Applying These Situations to Your Player Tracking Software
In addition to adding more levels to the average blackjack player rating system, games offering 6:5 payouts might dedicate two additional and separate levels just for that type of game. This could also be done for games with frequently wagered side bets. A flexible player tracking system could have multiple possibilities that take into consideration the customers wagering on the main blackjack games, ones who wager on both the main game and side bet and players who wager on non-standard games such as 6:5 blackjack, blackjack switch, etc. If your casino uses a software system that isn’t as flexible, consider establishing different levels based on game types along with minimum betting limits. The minimum betting limits of the table usually dictate the range of average bet. In some instances, table numbers could be used to dictate the skill level and the decision speed of the customer.
It is also important to note that each casino operation needs to determine the number of levels its blackjack business requires, the average house advantage for each level and the average rounds per hour dealt. Time and resources will be required for obtaining the correct metrics for each level, but in the long term, taking these decisions out of the floor supervisor’s hands will provide the casino with a more accurate T-Win and subsequent player reinvestment values.
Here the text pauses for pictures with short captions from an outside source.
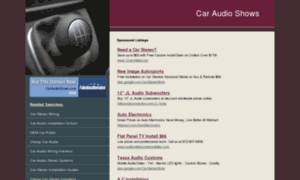 Caraudioshows.com thumbnail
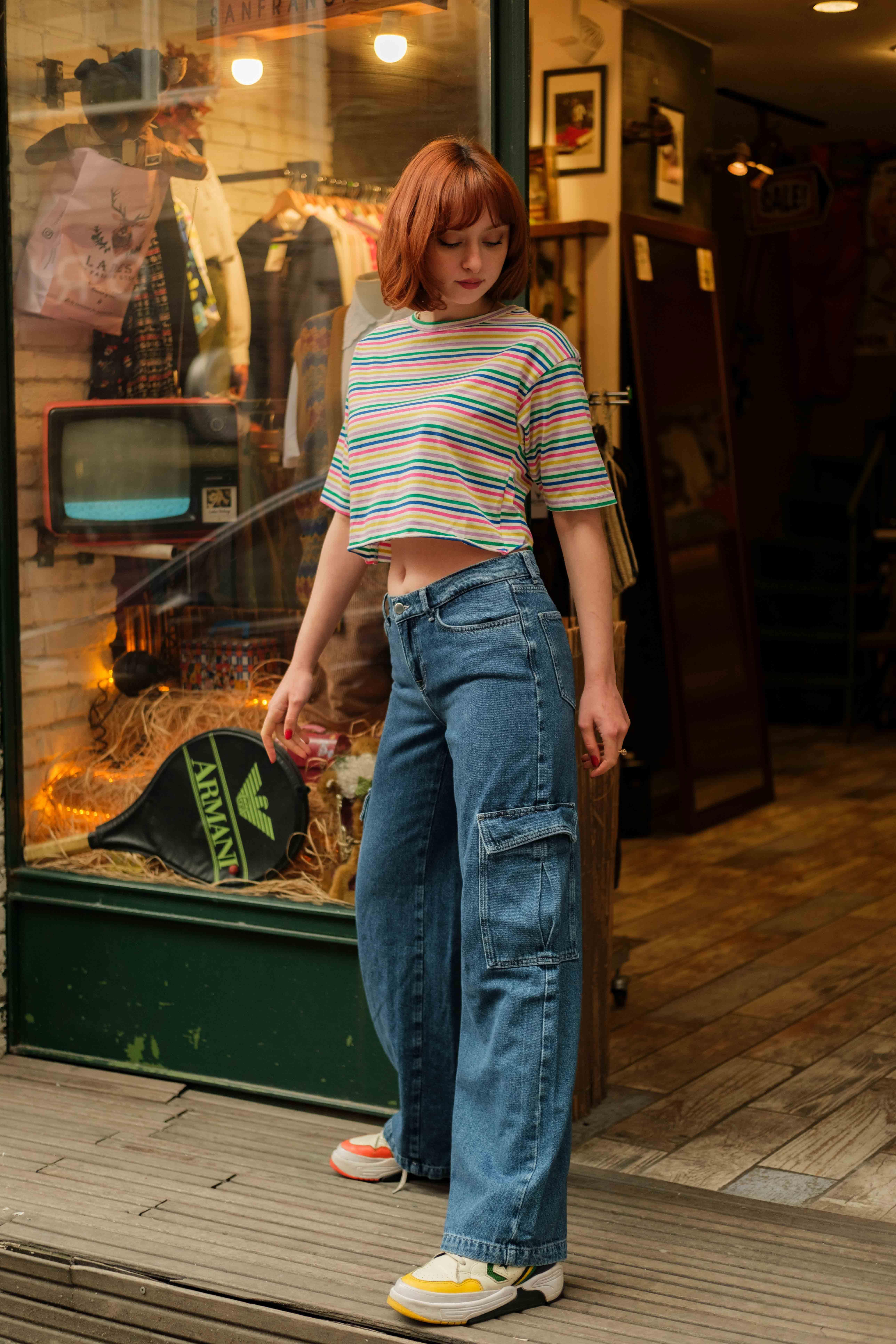 90's Baggy Cargo Jean's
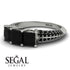 3 Stones Princess Black Diamond Ring - Rebecca No. 39 image 3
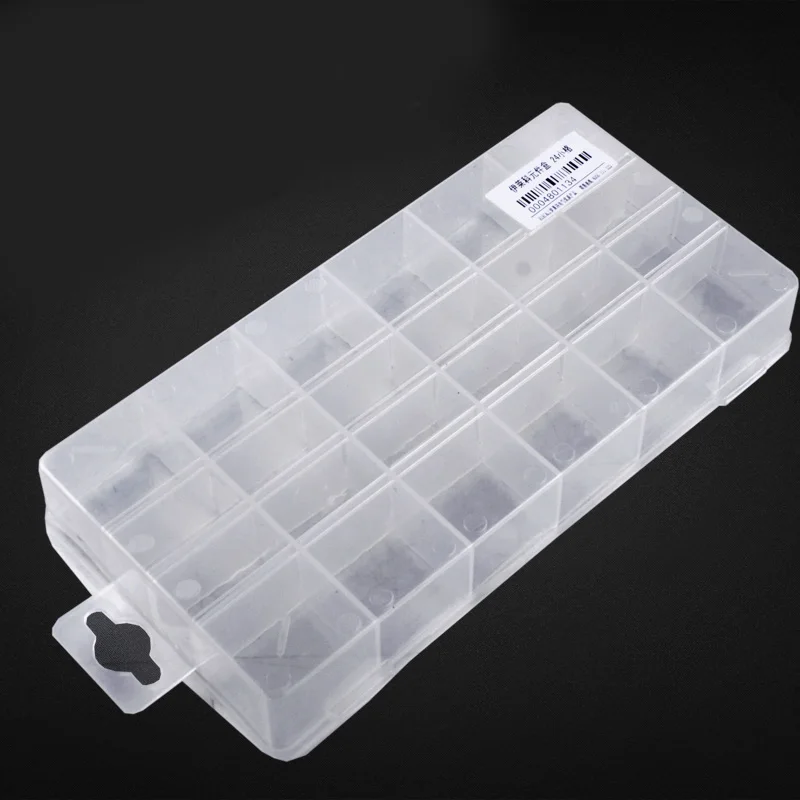 

24 Grids Subassembly Wrapper Plastic 200x105x30mm Storage Box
Increasing the House Advantage Through Mandatory Side Bet Wagering
In a previous article, this author questioned the ability of a $3 minimum blackjack game to produce a positive return for the casino after labor cost. Reference: Casino Enterprise Management Magazine, July 2014, “Is Your Casino Undervaluing Table Game Minimum Limits?” Not necessarily so, commented Bill Burt, vice president of casino operations, Station Casinos. Bill explained in his email that the casino I called into consideration, the Henderson Fiesta, was operating a very profitable $3 minimum game. Why? Because the Fiesta used a mandatory side bet wager along with the main bet to earn a higher per hand T-Win. The Fiesta $3 game requires a $2 flat bet and a mandatory $1 minimum side bet in order to fill out its $3 minimum as advertised. Players who bet $5 or more are not required to make the mandatory side bet. As seen in Table 4, the mathematics of this game and the mandatory side bet wager, assuming a side bet such as 21+3, makes it quite profitable. Using a side bet with a higher mathematical edge would only increase the T-Win and average house advantage percentage. The blackjack game played with six player hands, at the minimum required $3 wagers, would produce an approximate per hour revenue of $22. This game would earn enough to cover the cost of labor and gaming equipment necessary for operating this blackjack game.